----- COLLECTED DATA

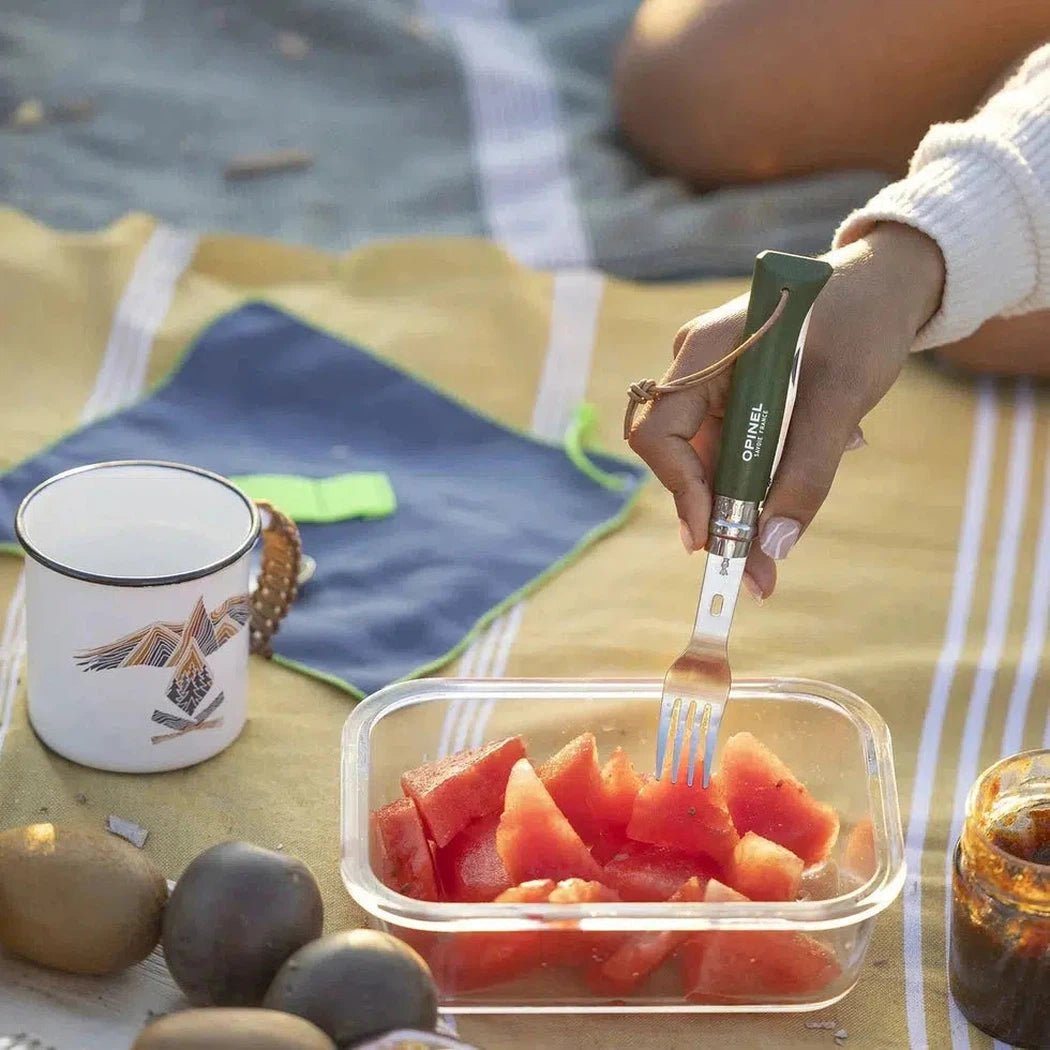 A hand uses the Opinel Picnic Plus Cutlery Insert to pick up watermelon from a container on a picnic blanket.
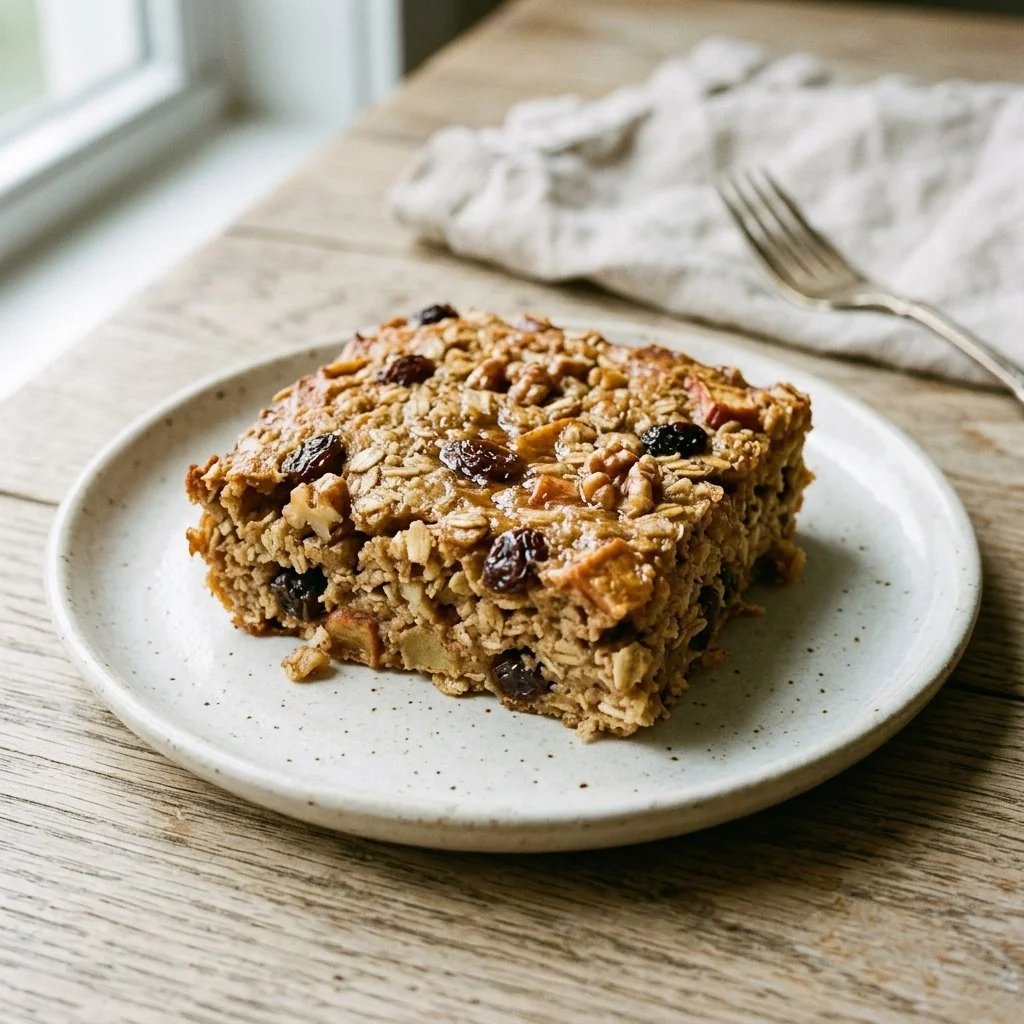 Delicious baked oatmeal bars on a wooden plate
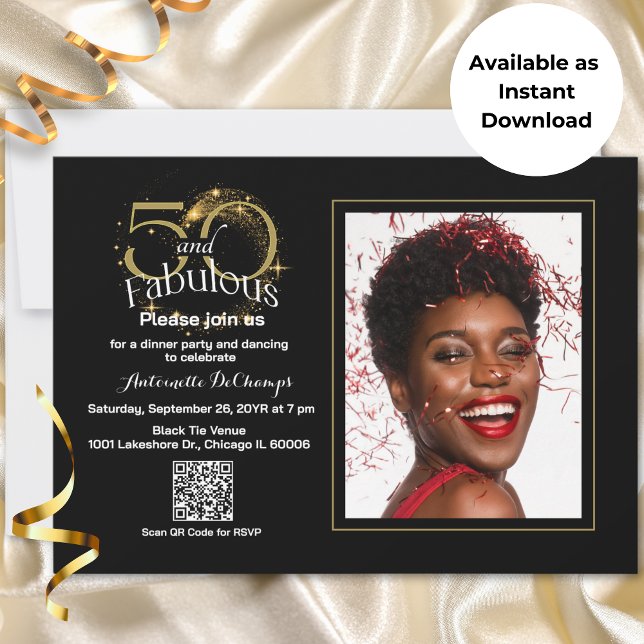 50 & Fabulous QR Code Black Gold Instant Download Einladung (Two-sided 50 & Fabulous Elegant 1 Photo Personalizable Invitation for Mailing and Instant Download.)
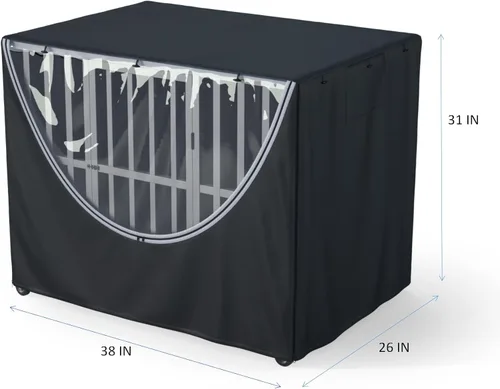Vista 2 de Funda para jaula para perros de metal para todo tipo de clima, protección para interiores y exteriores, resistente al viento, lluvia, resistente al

----------

§ TASK OBJECTIVE
Would you set down each line of the data exactly, with no images included?

§ SOLUTION TO THIS PROBLEM
 A hand uses the Opinel Picnic Plus Cutlery Insert to pick up watermelon from a container on a picnic blanket.
 Delicious baked oatmeal bars on a wooden plate
 50 & Fabulous QR Code Black Gold Instant Download Einladung (Two-sided 50 & Fabulous Elegant 1 Photo Personalizable Invitation for Mailing and Instant Download.)
Vista 2 de Funda para jaula para perros de metal para todo tipo de clima, protección para interiores y exteriores, resistente al viento, lluvia, resistente al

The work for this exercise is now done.